**Work instruction:** Would you please repeat the data that follows, exactly as it reads?

**Records for this exercise:**
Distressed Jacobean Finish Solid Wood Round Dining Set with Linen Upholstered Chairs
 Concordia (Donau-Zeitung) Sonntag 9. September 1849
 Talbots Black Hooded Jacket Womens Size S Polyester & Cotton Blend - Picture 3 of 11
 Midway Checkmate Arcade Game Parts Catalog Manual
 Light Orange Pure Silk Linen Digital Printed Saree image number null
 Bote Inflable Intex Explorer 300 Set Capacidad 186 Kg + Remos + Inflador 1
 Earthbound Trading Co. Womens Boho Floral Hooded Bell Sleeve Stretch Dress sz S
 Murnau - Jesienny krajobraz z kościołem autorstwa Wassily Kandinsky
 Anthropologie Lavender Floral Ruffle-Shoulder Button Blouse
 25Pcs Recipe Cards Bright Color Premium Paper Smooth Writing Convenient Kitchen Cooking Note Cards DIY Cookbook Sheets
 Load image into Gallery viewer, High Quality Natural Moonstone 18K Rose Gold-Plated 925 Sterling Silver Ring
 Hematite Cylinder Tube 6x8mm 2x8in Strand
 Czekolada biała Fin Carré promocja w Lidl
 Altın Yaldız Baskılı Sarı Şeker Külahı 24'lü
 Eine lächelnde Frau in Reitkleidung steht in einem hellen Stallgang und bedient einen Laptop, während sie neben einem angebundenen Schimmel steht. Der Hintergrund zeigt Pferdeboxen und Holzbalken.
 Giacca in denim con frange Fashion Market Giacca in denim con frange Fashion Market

**Response to this exercise:**
Distressed Jacobean Finish Solid Wood Round Dining Set with Linen Upholstered Chairs
 Concordia (Donau-Zeitung) Sonntag 9. September 1849
 Talbots Black Hooded Jacket Womens Size S Polyester & Cotton Blend - Picture 3 of 11
 Midway Checkmate Arcade Game Parts Catalog Manual
 Light Orange Pure Silk Linen Digital Printed Saree image number null
 Bote Inflable Intex Explorer 300 Set Capacidad 186 Kg + Remos + Inflador 1
 Earthbound Trading Co. Womens Boho Floral Hooded Bell Sleeve Stretch Dress sz S
 Murnau - Jesienny krajobraz z kościołem autorstwa Wassily Kandinsky
 Anthropologie Lavender Floral Ruffle-Shoulder Button Blouse
 25Pcs Recipe Cards Bright Color Premium Paper Smooth Writing Convenient Kitchen Cooking Note Cards DIY Cookbook Sheets
 Load image into Gallery viewer, High Quality Natural Moonstone 18K Rose Gold-Plated 925 Sterling Silver Ring
 Hematite Cylinder Tube 6x8mm 2x8in Strand
 Czekolada biała Fin Carré promocja w Lidl
 Altın Yaldız Baskılı Sarı Şeker Külahı 24'lü
 Eine lächelnde Frau in Reitkleidung steht in einem hellen Stallgang und bedient einen Laptop, während sie neben einem angebundenen Schimmel steht. Der Hintergrund zeigt Pferdeboxen und Holzbalken.
 Giacca in denim con frange Fashion Market Giacca in denim con frange Fashion Market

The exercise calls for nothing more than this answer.